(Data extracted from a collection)
***

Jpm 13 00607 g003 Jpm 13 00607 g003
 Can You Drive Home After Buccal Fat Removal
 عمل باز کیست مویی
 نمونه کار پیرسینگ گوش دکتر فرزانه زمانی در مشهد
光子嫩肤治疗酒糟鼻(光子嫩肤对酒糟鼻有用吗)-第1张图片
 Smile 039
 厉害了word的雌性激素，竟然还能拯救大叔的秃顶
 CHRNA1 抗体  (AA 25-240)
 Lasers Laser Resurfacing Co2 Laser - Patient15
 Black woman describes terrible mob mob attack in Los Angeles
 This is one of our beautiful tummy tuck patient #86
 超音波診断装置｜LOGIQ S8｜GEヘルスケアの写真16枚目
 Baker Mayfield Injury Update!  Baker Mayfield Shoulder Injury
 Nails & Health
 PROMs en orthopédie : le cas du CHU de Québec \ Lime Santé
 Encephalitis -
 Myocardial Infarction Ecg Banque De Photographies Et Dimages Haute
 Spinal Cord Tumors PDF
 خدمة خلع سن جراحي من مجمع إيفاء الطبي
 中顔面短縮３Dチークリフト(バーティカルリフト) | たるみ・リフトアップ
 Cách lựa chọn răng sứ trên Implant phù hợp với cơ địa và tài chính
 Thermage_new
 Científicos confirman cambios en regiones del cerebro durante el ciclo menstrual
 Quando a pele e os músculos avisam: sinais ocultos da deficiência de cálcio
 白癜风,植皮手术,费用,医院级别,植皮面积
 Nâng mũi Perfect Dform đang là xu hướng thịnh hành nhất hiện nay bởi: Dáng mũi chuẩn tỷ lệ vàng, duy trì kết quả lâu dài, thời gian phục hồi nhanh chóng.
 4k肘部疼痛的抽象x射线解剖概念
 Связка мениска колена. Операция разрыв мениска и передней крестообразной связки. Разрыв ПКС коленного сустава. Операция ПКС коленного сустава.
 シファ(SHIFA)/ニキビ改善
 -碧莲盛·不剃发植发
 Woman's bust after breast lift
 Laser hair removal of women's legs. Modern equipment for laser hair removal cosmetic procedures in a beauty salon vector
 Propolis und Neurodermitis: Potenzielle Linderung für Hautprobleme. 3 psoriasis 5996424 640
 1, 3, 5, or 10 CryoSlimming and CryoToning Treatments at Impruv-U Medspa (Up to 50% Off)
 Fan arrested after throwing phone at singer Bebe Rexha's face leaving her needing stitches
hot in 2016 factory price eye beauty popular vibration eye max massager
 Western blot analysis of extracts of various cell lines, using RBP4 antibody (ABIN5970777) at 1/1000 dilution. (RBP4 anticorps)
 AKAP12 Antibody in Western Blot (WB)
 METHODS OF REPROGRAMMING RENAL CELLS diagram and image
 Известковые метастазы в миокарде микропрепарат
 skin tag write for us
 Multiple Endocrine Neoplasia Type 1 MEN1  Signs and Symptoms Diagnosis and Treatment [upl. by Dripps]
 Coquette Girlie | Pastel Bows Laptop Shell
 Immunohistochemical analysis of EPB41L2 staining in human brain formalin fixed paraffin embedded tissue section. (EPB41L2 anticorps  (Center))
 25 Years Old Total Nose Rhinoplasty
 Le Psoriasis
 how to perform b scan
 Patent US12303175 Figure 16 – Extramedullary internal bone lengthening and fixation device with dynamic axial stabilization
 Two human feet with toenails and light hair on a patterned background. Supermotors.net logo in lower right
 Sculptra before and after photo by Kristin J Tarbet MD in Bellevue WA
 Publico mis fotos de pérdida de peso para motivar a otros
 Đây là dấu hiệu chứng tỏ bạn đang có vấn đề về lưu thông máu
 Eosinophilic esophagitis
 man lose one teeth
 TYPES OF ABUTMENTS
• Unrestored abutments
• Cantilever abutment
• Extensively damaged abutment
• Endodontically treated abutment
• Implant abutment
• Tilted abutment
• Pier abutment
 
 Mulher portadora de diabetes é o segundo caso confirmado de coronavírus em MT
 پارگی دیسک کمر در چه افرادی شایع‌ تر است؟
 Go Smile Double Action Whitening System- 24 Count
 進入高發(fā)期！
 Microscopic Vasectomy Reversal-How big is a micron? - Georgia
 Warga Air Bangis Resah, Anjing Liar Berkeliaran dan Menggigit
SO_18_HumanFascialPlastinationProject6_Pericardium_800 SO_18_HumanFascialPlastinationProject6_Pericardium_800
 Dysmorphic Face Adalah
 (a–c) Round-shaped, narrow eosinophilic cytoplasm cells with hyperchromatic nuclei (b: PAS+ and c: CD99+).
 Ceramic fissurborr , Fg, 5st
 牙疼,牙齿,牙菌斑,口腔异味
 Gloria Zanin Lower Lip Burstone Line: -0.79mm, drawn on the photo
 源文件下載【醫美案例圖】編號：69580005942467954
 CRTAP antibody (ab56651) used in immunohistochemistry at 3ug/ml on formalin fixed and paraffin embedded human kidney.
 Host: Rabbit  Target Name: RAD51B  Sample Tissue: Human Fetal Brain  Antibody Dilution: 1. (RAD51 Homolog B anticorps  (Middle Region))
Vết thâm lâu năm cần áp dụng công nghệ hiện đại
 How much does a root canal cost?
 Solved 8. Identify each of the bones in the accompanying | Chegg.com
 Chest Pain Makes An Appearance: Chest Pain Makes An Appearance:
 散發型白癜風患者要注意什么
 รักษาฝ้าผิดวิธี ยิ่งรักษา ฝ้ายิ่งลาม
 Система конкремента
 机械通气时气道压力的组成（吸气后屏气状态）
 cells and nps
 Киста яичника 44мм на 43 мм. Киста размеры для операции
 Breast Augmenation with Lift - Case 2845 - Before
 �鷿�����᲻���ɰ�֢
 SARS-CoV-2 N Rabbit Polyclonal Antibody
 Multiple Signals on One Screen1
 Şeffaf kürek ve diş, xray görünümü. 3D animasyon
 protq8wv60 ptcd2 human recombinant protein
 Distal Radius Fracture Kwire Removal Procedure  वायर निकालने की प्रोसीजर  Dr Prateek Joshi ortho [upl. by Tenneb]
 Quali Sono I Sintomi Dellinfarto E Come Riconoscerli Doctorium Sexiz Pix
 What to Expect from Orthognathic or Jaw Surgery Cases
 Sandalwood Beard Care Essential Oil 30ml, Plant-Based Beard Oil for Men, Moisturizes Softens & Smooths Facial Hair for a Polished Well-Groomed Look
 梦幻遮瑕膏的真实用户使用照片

***

What this task involves> Give back, word for word, only the lines from the one containing "Go Smile Double" through the closing line of the entries.

Finished exercise>
 Go Smile Double Action Whitening System- 24 Count
 進入高發(fā)期！
 Microscopic Vasectomy Reversal-How big is a micron? - Georgia
 Warga Air Bangis Resah, Anjing Liar Berkeliaran dan Menggigit
SO_18_HumanFascialPlastinationProject6_Pericardium_800 SO_18_HumanFascialPlastinationProject6_Pericardium_800
 Dysmorphic Face Adalah
 (a–c) Round-shaped, narrow eosinophilic cytoplasm cells with hyperchromatic nuclei (b: PAS+ and c: CD99+).
 Ceramic fissurborr , Fg, 5st
 牙疼,牙齿,牙菌斑,口腔异味
 Gloria Zanin Lower Lip Burstone Line: -0.79mm, drawn on the photo
 源文件下載【醫美案例圖】編號：69580005942467954
 CRTAP antibody (ab56651) used in immunohistochemistry at 3ug/ml on formalin fixed and paraffin embedded human kidney.
 Host: Rabbit  Target Name: RAD51B  Sample Tissue: Human Fetal Brain  Antibody Dilution: 1. (RAD51 Homolog B anticorps  (Middle Region))
Vết thâm lâu năm cần áp dụng công nghệ hiện đại
 How much does a root canal cost?
 Solved 8. Identify each of the bones in the accompanying | Chegg.com
 Chest Pain Makes An Appearance: Chest Pain Makes An Appearance:
 散發型白癜風患者要注意什么
 รักษาฝ้าผิดวิธี ยิ่งรักษา ฝ้ายิ่งลาม
 Система конкремента
 机械通气时气道压力的组成（吸气后屏气状态）
 cells and nps
 Киста яичника 44мм на 43 мм. Киста размеры для операции
 Breast Augmenation with Lift - Case 2845 - Before
 �鷿�����᲻���ɰ�֢
 SARS-CoV-2 N Rabbit Polyclonal Antibody
 Multiple Signals on One Screen1
 Şeffaf kürek ve diş, xray görünümü. 3D animasyon
 protq8wv60 ptcd2 human recombinant protein
 Distal Radius Fracture Kwire Removal Procedure  वायर निकालने की प्रोसीजर  Dr Prateek Joshi ortho [upl. by Tenneb]
 Quali Sono I Sintomi Dellinfarto E Come Riconoscerli Doctorium Sexiz Pix
 What to Expect from Orthognathic or Jaw Surgery Cases
 Sandalwood Beard Care Essential Oil 30ml, Plant-Based Beard Oil for Men, Moisturizes Softens & Smooths Facial Hair for a Polished Well-Groomed Look
 梦幻遮瑕膏的真实用户使用照片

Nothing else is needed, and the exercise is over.